This repository contains the code I have written to perform the specified analysis task on the UCI HAR Dataset for the course project for the coursera course - Getting and Cleaning Data.
The raw data contains both test and training data set from the experiment carried out on 30 subjects for various activities like Walking , Standing etc wearing smartphone and measurements for acceleration etc are catprued.
Download and extract the source data from the URL : "https://d396qusza40orc.cloudfront.net/getdata%2Fprojectfiles%2FUCI%20HAR%20Dataset.zip" Extract the downloaded Zip to working directory and you should have a folder named UCI HAR Dataset with the test and training folders inside for running the code
#download data url<- "https://d396qusza40orc.cloudfront.net/getdata%2Fprojectfiles%2FUCI%20HAR%20Dataset.zip" download.file(url,"UCI HAR Dataset.zip") unzip("UCI HAR Dataset.zip",exdir="UCI HAR Dataset")

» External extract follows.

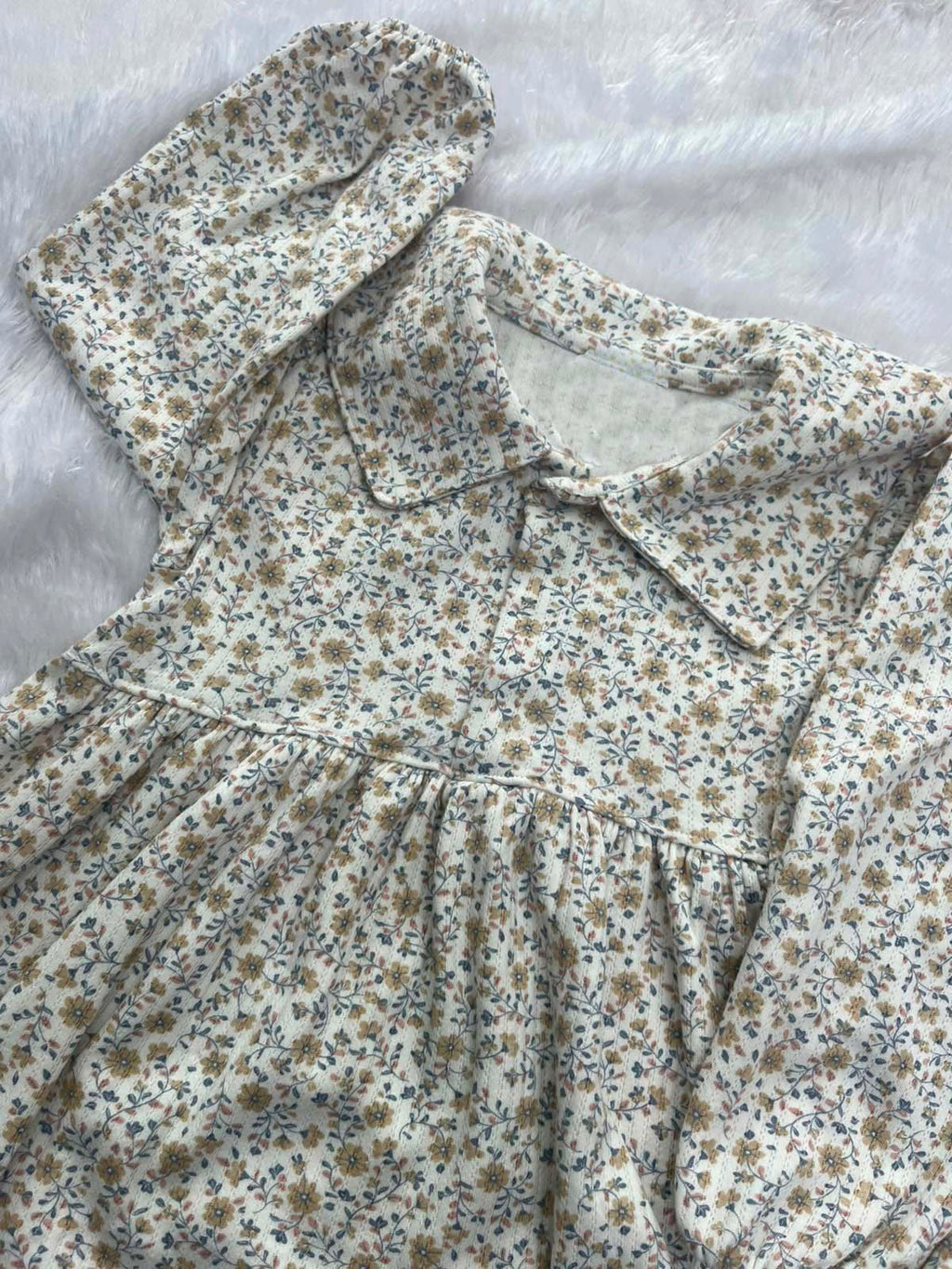 Floral collar frock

The R script reads and extracts test and training data set. It combines them into a single data set and extracts only mean and std measurements for all subjects and activities. The tidy data set contains aggregated value for the mean and std measurements for all subjects and activities and is written to disk.
The tidy data set can be viewed in excel by modifying the extention to csv(as it is created using ',' as seperator for enabling easy readability)
- The code read the training data sets X-training, Y-training and subject-training files.
- It assigns the column names Subject , Activity , Measurements from the features.txt and activity.txt files.
- Then the data from all three files are combined into one "Training" data set.
- The step 1,2,3 is performed for the test data set also.
- The training and test data sets are combined into one data set (named as "mergeddata").
- The requirement is to extract only mean and std measurements and this is done by extracting only meand and std columns from combined test and training data and the data set named "needed" is created.
- The tidy dataset is created by calculating the aggredated data from this "needed" data set for each subject and activity and the two unwanted column at the last is removed.
- At last , the resultant "tidy" data set is written to disk with ',' seperator for enabling easy readabilty(using excel)
Codebook explains about the resultant data.